Dataset excerpts:
>>>

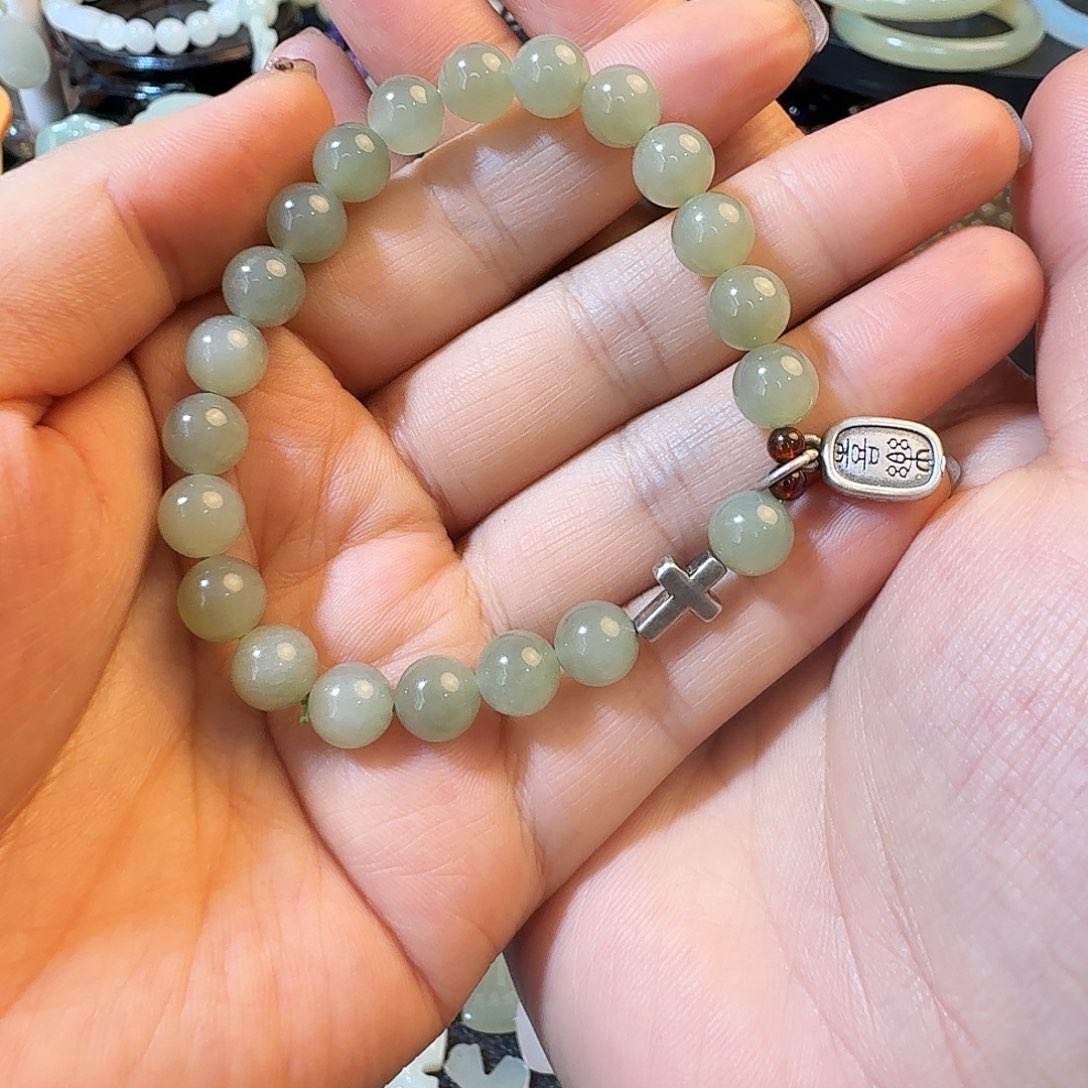 和田玉银S925镶嵌颈饰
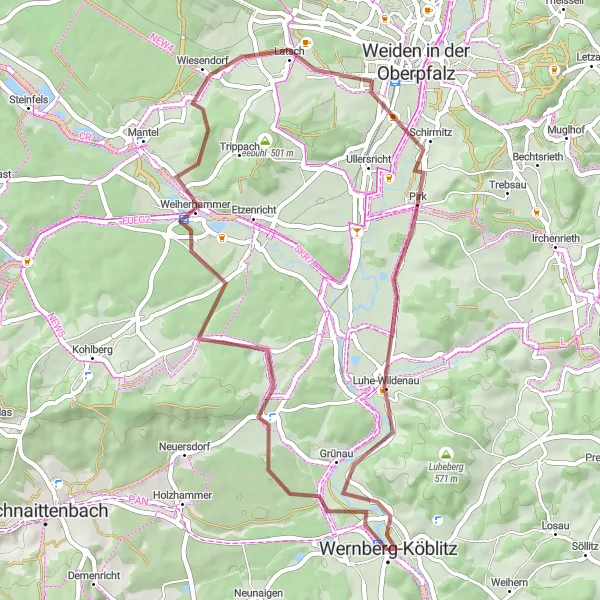 Karten-Miniaturansicht der Radinspiration "Gravel-Tour durch die Natur rund um Wernberg-Köblitz" in Oberpfalz, Germany. Erstellt vom Tarmacs.app-Routenplaner für Radtouren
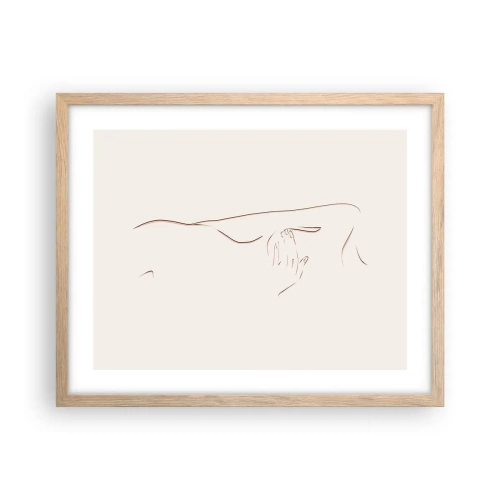 Plakat i ramme af lyst egetræ - Begærets form - 50x40 cm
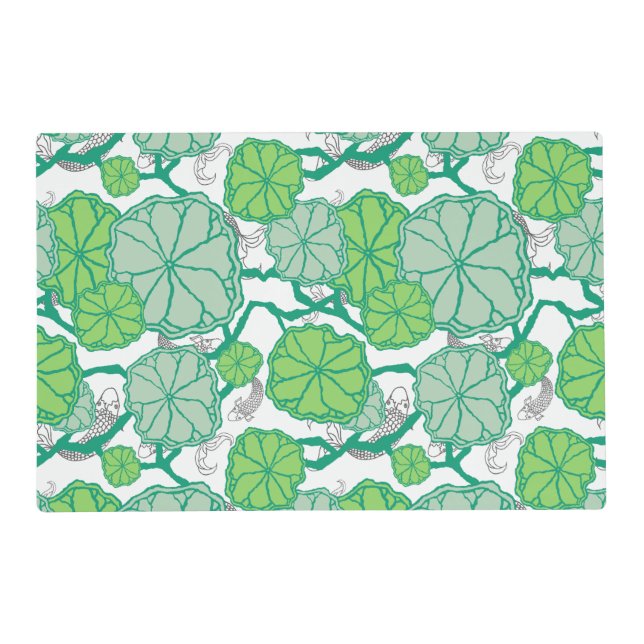 Japanese Garden Lily Pad Koi Fish Placemat (Front)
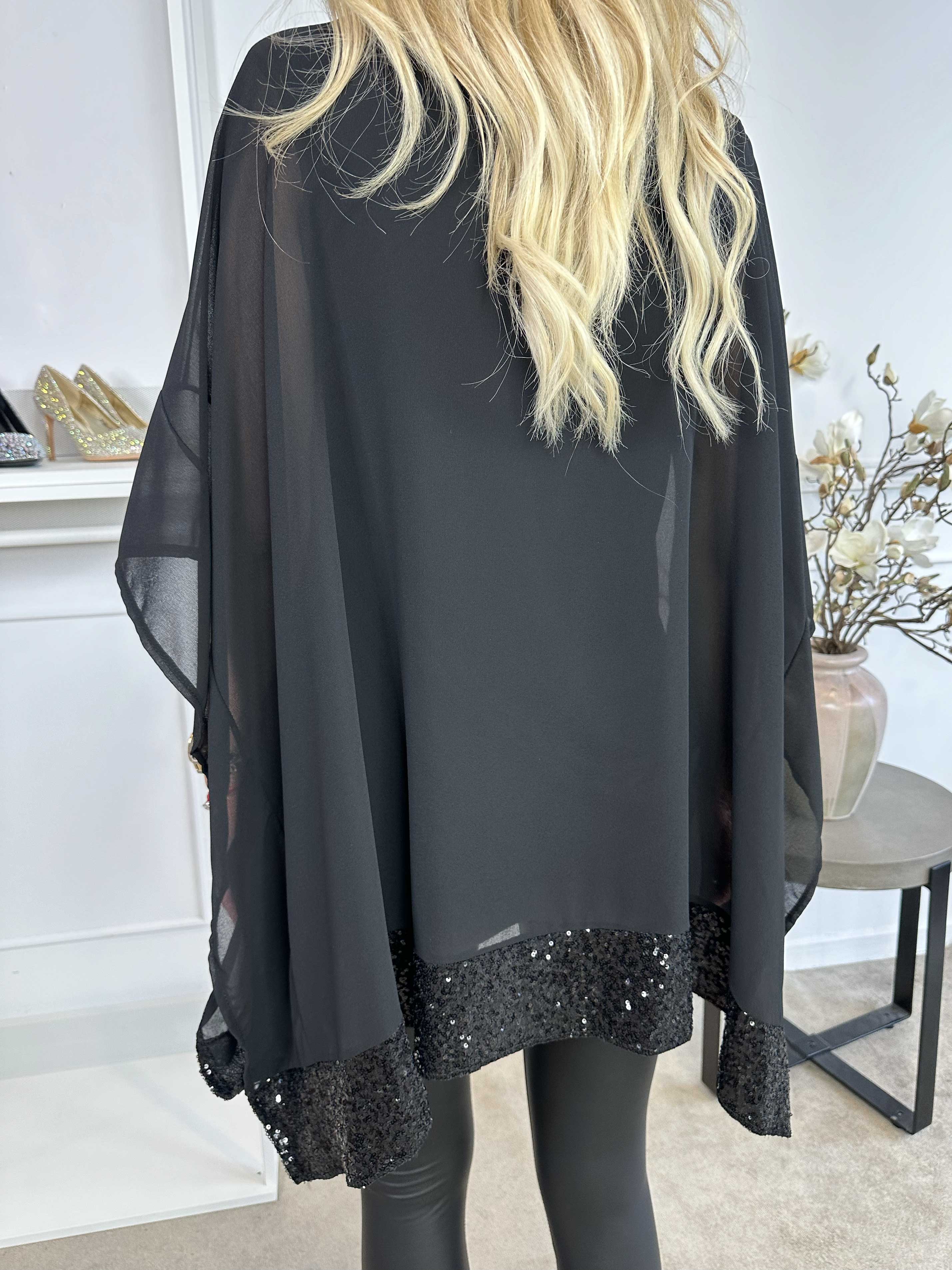 Julie - Chiffongtunika i lager med paljettkant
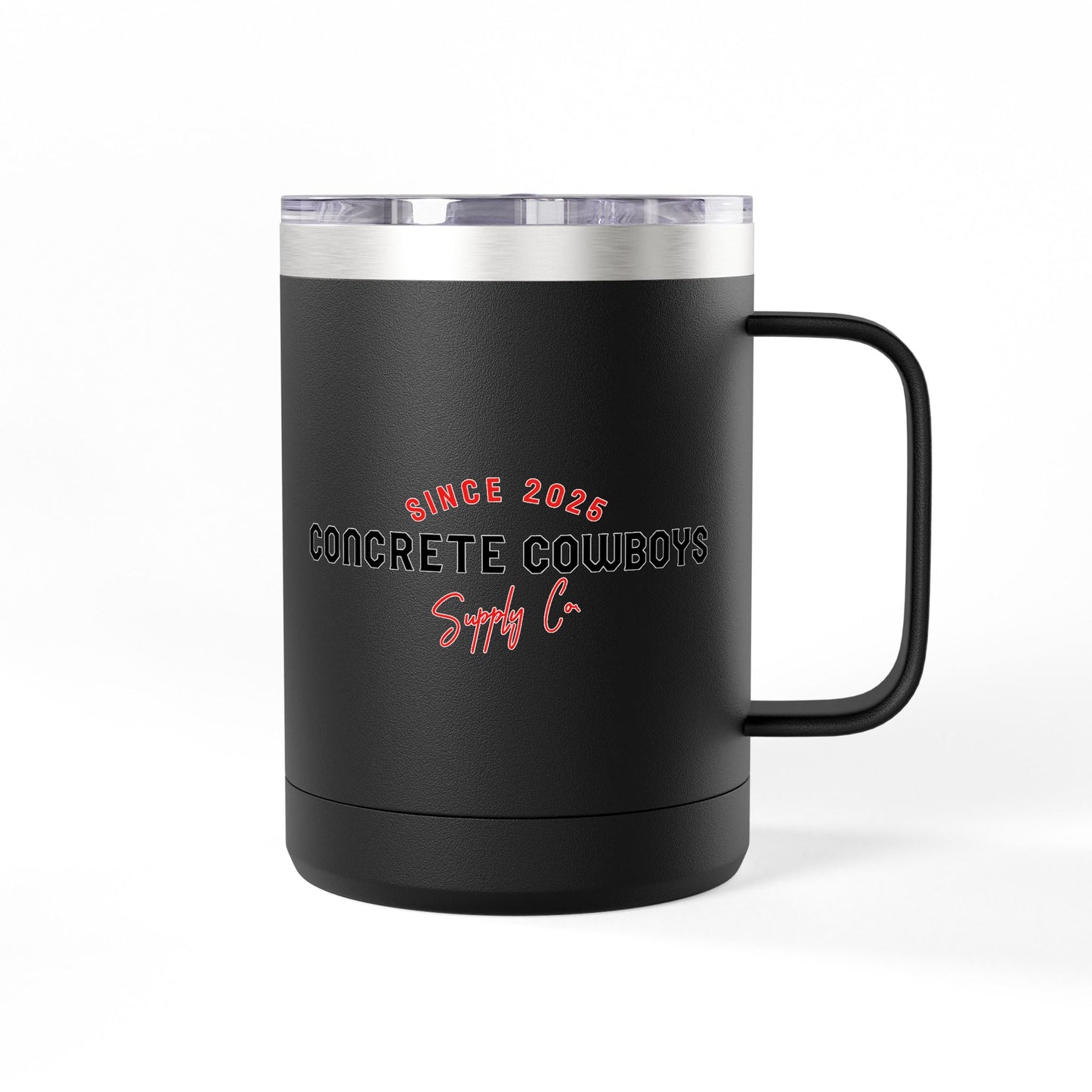 15oz black insulated coffee mug featuring Concrete Cowboys Supply Co. logo. Double-wall insulation.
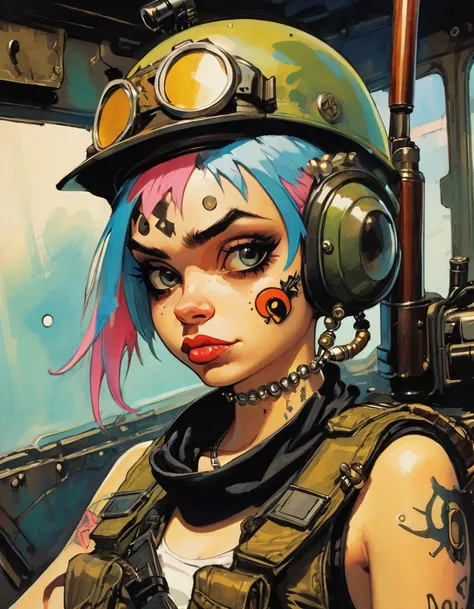 tank girl character, military helmet, piercings, shotgun, in a tank, (art inspired by Skottie Young and Bill Sienkiewicz). oil painting)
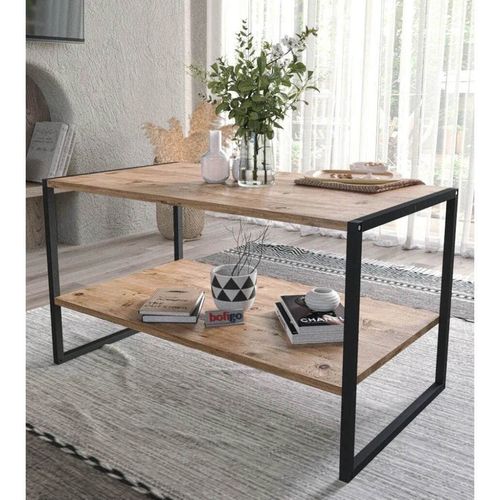 cumpără Măsuţă cafea Nex Home Cu 2 nivele Metal, 90x50 cm, Stejar (22-59-02) în Chișinău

<<<

Every line of the data is to be transcribed exactly, and no picture is to be included.

* Response to this task *
 和田玉银S925镶嵌颈饰
 Karten-Miniaturansicht der Radinspiration "Gravel-Tour durch die Natur rund um Wernberg-Köblitz" in Oberpfalz, Germany. Erstellt vom Tarmacs.app-Routenplaner für Radtouren
 Plakat i ramme af lyst egetræ - Begærets form - 50x40 cm
 Japanese Garden Lily Pad Koi Fish Placemat (Front)
 Julie - Chiffongtunika i lager med paljettkant
 15oz black insulated coffee mug featuring Concrete Cowboys Supply Co. logo. Double-wall insulation.
 tank girl character, military helmet, piercings, shotgun, in a tank, (art inspired by Skottie Young and Bill Sienkiewicz). oil painting)
 cumpără Măsuţă cafea Nex Home Cu 2 nivele Metal, 90x50 cm, Stejar (22-59-02) în Chișinău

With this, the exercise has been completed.